New Zealand Immigration (COVID-19 Response) Amendment Act 2020

15th May 2020

The Immigration (COVID-19 Response) Amendment Act 2020 has been fast-tracked by the New Zealand Government to allow them to respond efficiently to immigration issues arising from COVID-19 and came into effect on 15 May 2020.

But what does this Bill mean for visa holders currently in New Zealand or those who hope to enter New Zealand in the future?

12 month limit

First of all it’s important to note that this Bill has a time limit on it, the new law will only increase Immigration New Zealand’s (INZ) powers for 12 months from the date it took effect, 15 May 2020.

It’s not designed to take away existing visa rights

The Minister of Immigration has also assured the migrant community in New Zealand that the Government will not use the powers in this Act to take away any existing rights.

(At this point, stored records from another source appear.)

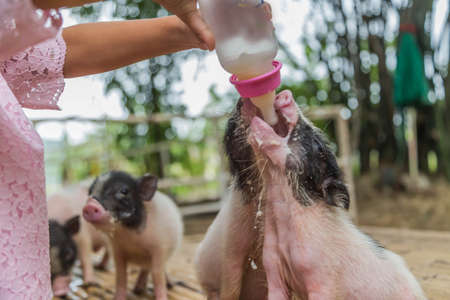 A pig hoof couple herbivorous. But eat both plants and animals as well as wild boar ancestors. Swine evolve gastroenteritis at large.の写真素材
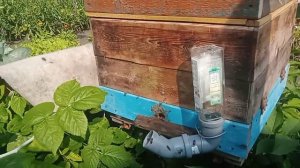 пчелы омск на даче
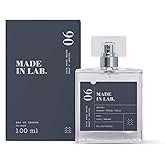 Made in Lab   Mens Perfume 100 ml Inspired Pendant as Eau de Perfume Fragrance Men Perfume Men Fragrance for Men   6 Invictus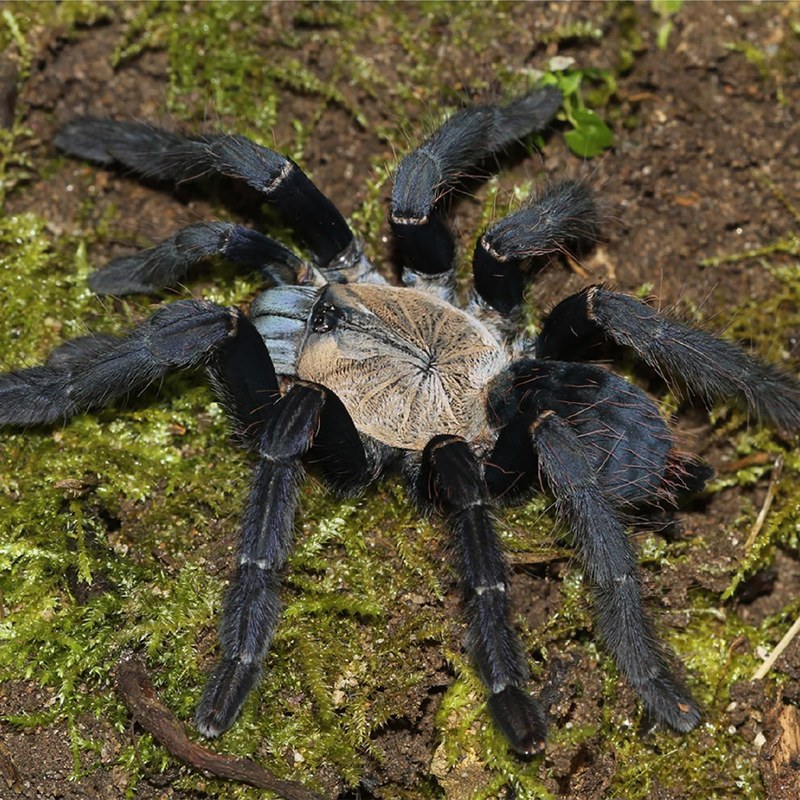 Phormingochilus hatihati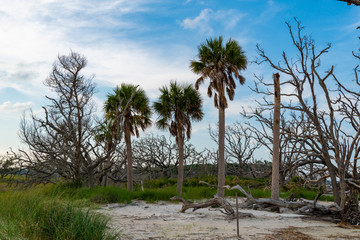 Fototapeta na wymiar palm trees and dead trees on driftwood beach (ga)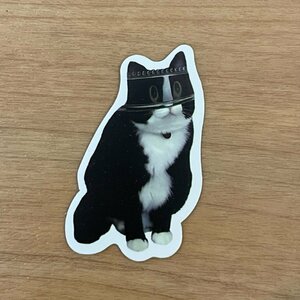 【即日発送】猫ミーム ステッカー 1枚 アイマスク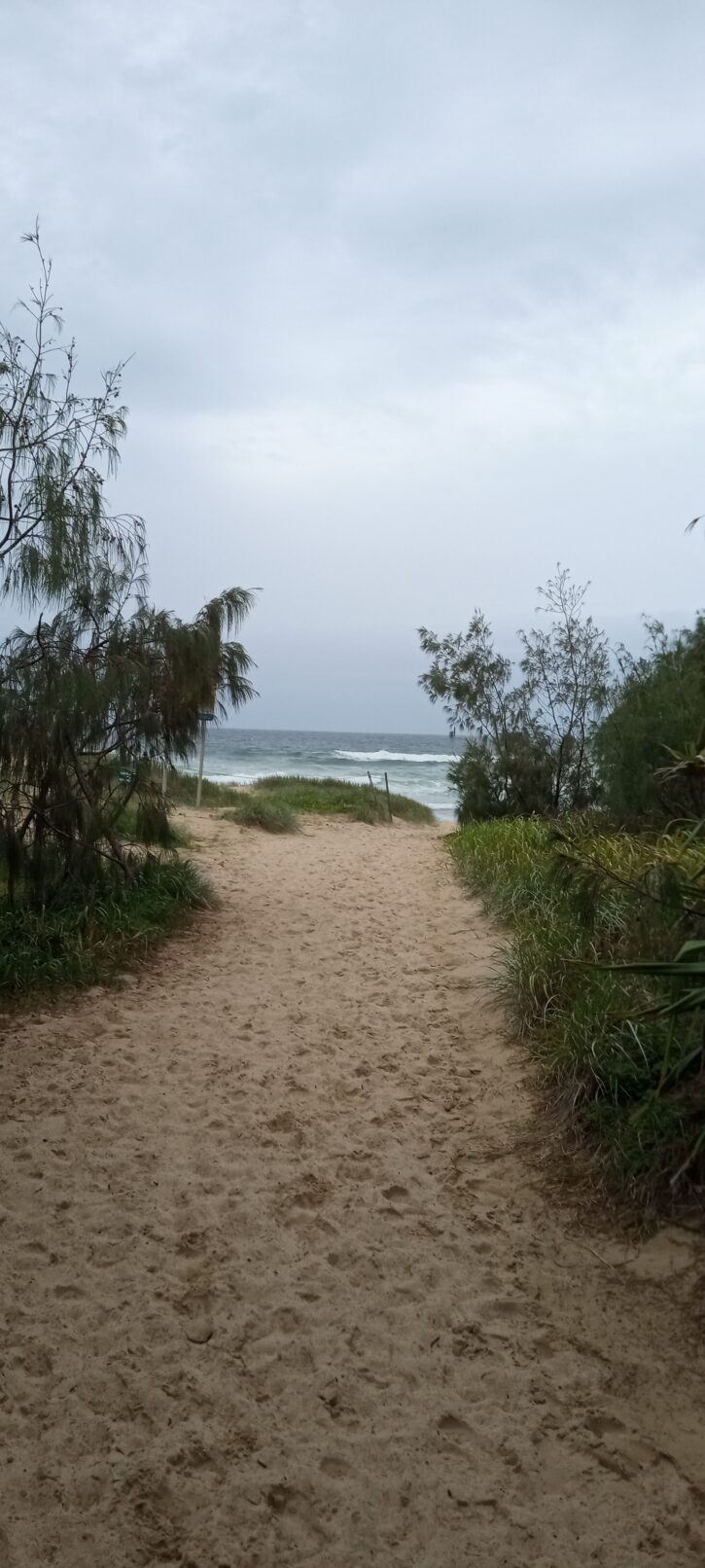 view of the ocean in noosa on the sunshien coast australia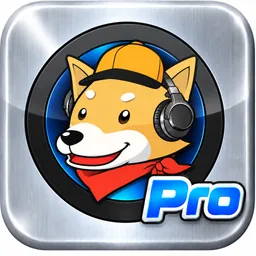 Disco Sampler Pro logo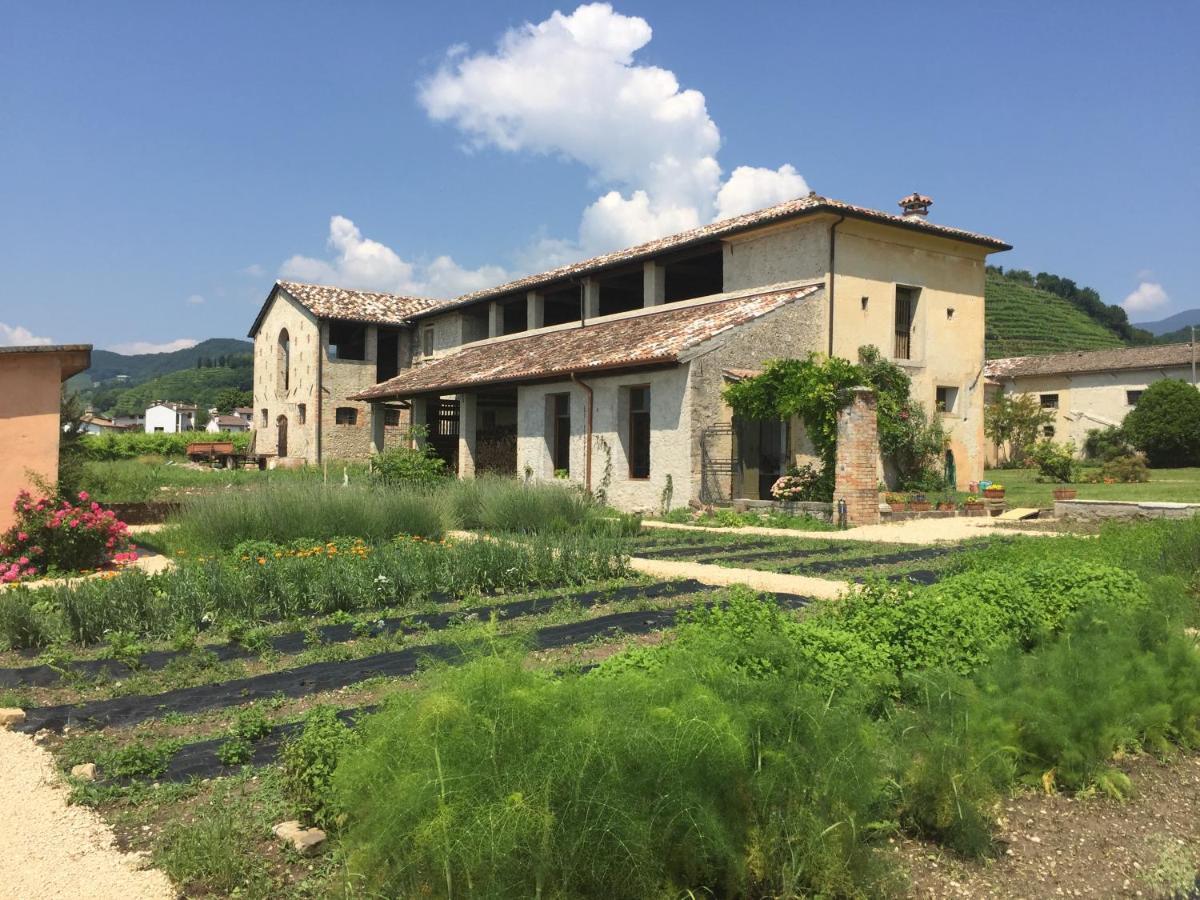 Fiori&Vigne Di Cecilia Marcon Villa Farra di Soligo Bagian luar foto
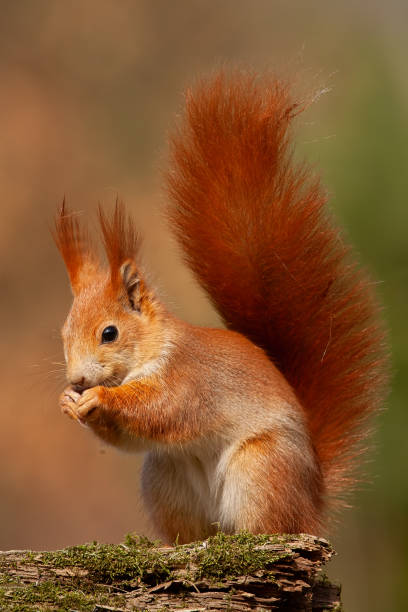 istock Eurasian red squirrel, sciurus vulgaris, in autumn forest in warm light. 1128213724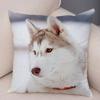 pc Realistic Siberian Husky Print Pillowcase Set  Polyester NonEmbroidery Cushion Covers for Sofa Bed Dog Lover Home Decor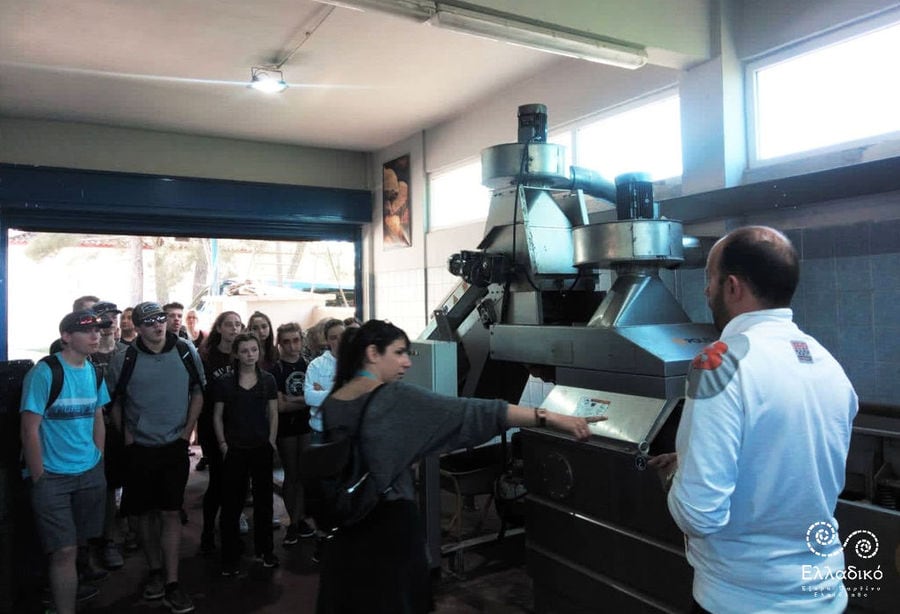 a group of young tourists listening to a guide at Elladiko olive oil plant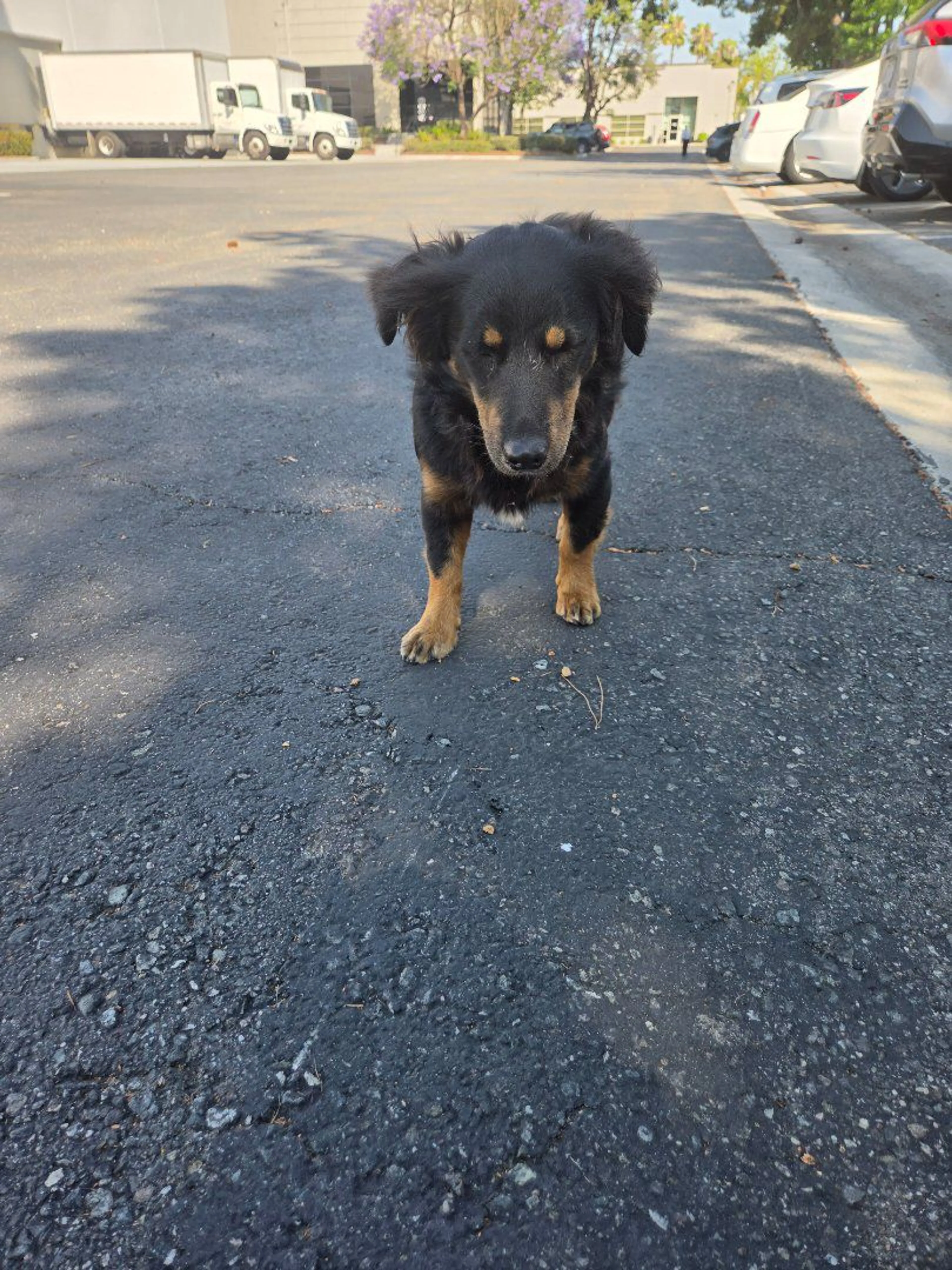Lost pet-0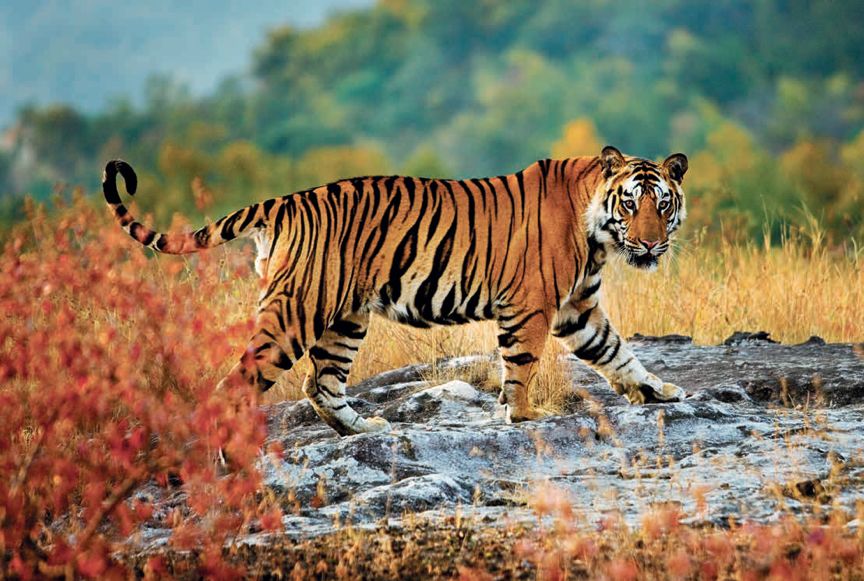 遇到野牛该如何保护自己,遇到美洲野牛怎么办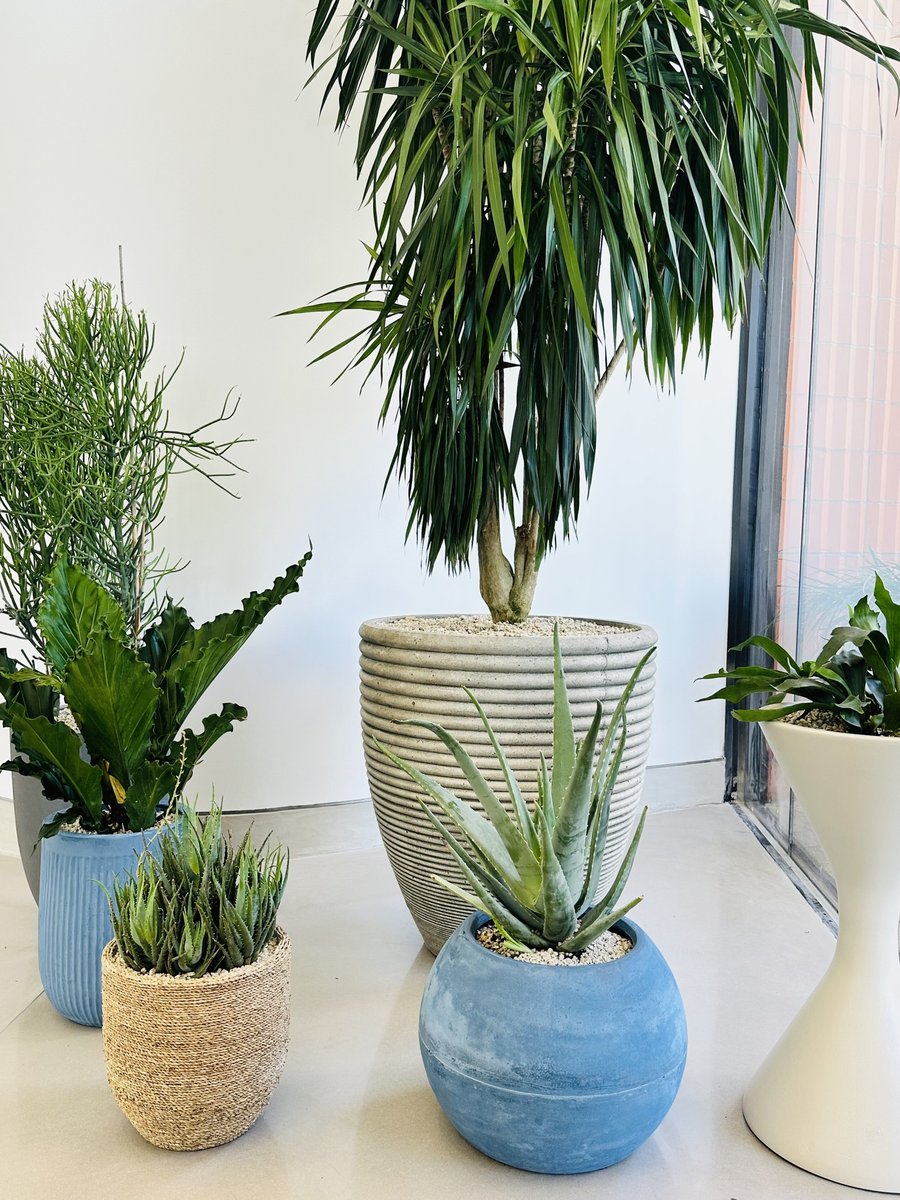 Indoor plants in an office space with textured containers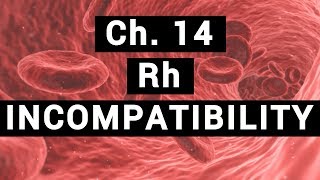 Ch14 Rh INCOMPATIBILITY  BLOOD PHYSIOLOGY [upl. by Seditsira142]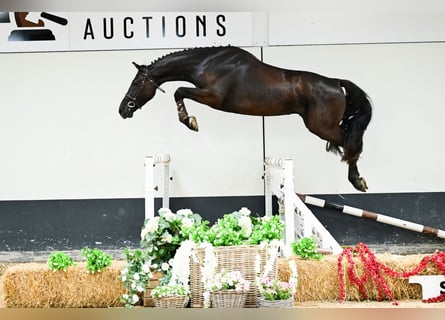 Belgisches Warmblut, Wallach, 4 Jahre, Brauner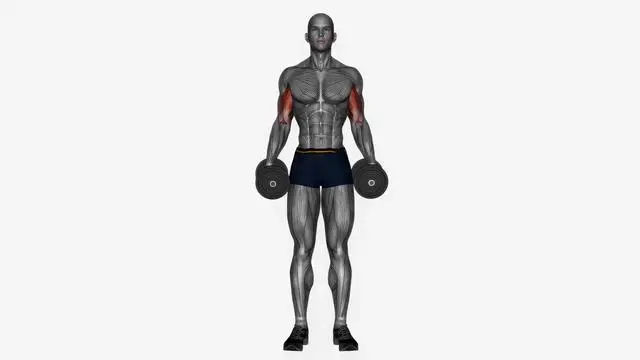 Dumbbell curls (3)
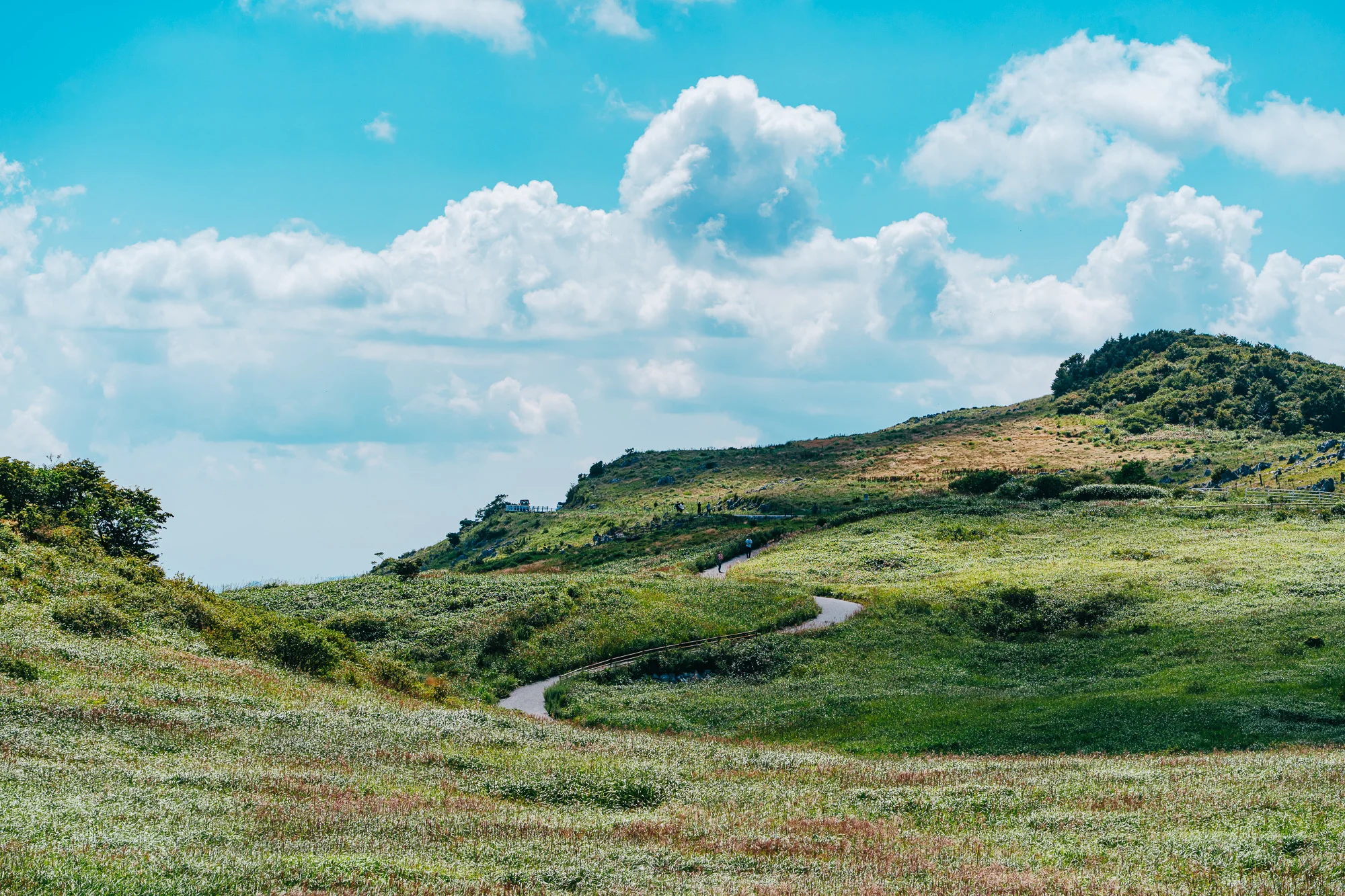 四国 photo log vol.1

The Act is designed to enable the Government to amend visa conditions for groups of people, extend visas of groups of people for varying periods of time, so that processing of any subsequent visa applications, should people need or want to stay longer, can be staggered.

And a key point: The new powers cannot be used to change conditions if that change would materially disadvantage the class of visa holders concerned.

Eight new powers

INZ will now have eight new time-limited powers:

  • To impose, vary or cancel conditions for classes of temporary entry class visa holders
  • Vary or cancel conditions for classes of resident class visa holders
  • Extend the expiry dates of visas for classes of people
  • Grant visas to individuals or classes of people in the absence of an application
  • Waive any regulatory requirements for certain classes of application (that is, waive any prescribed requirements that people need to fulfil to have their application accepted by INZ for assessment).
  • Waive the requirement to obtain a transit visa
  • Suspend the ability to make applications for visas or submit Expressions of Interest in applying for visas by classes of people who are offshore
  • Revoke the entry permission of people who are deemed to have been granted entry permission

A final word

The Government have said that they have no plans to cancel the visas of those who are already living and working in New Zealand. They view the Act as a pragmatic solution to practical challenges that they expect to arise from the COVID-19 crisis. With such a large group of temporary visa holders in New Zealand, approximately 350,000 onshore, there’s too many to deal with individually. This Act hopes to address this issue.